Des 1435 infractions, 953 ont eu un impact sur l'environnement ou ont constitué une menace, selon l'association. Les autres sont de nature administrative (par exemple, avoir omis d'afficher le permis de forage de façon visible).

Dans 277 cas, les plans de lutte contre l'érosion étaient inadéquats ou mal mis en oeuvre. Dans 268 cas, les bassins de rétention des eaux usées étaient mal construits. Dans 154 cas, il y a eu des rejets de résidus industriels dans l'environnement.

L'association recense aussi 100 manquements aux règles de protection des ruisseaux et 67 violations des mesures de prévention de la pollution.

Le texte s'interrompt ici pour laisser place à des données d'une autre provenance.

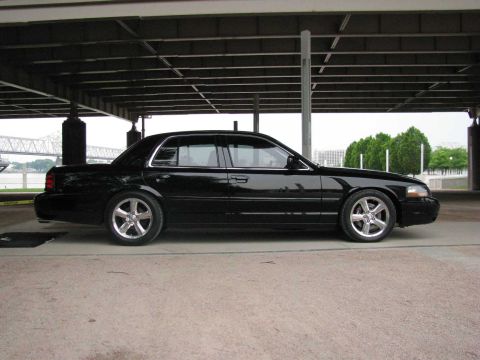 2003 Mercury Marauder - Side profile of a black 2003 Mercury Marauder.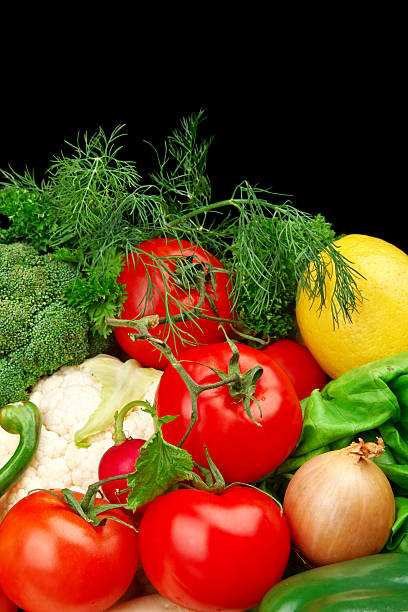 Group of different vegetables on black vertically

Selon les données compilées par l'organisme et consultées par La Presse, la firme Talisman Energy USA a commis 10 infractions relatives au rejet de résidus industriels, 11 relatives à l'étanchéité à des bassins d'eaux usées, deux pour des bassins trop pleins et deux pour des problèmes d'érosion.

«Nous prenons le temps de tirer des leçons de chacune de ces infractions, a affirmé à La Presse Phoebe Buckland, porte-parole de Talisman. Quand il y a une infraction, nous agissons immédiatement.»

L'entreprise, qui a fait deux forages à Lotbinière, affirme qu'elle n'a commis aucune infraction au Québec.

«Le ministère de l'Environnement a visité certaines de nos installations au Québec, affirme Vincent Perron, porte-parole de Talisman au Québec. Les responsables de la Faune ont surveillé nos prélèvements d'eau, et la Commission de protection du territoire agricole a vérifié la conformité de nos activités. Aucune infraction n'a été constatée.»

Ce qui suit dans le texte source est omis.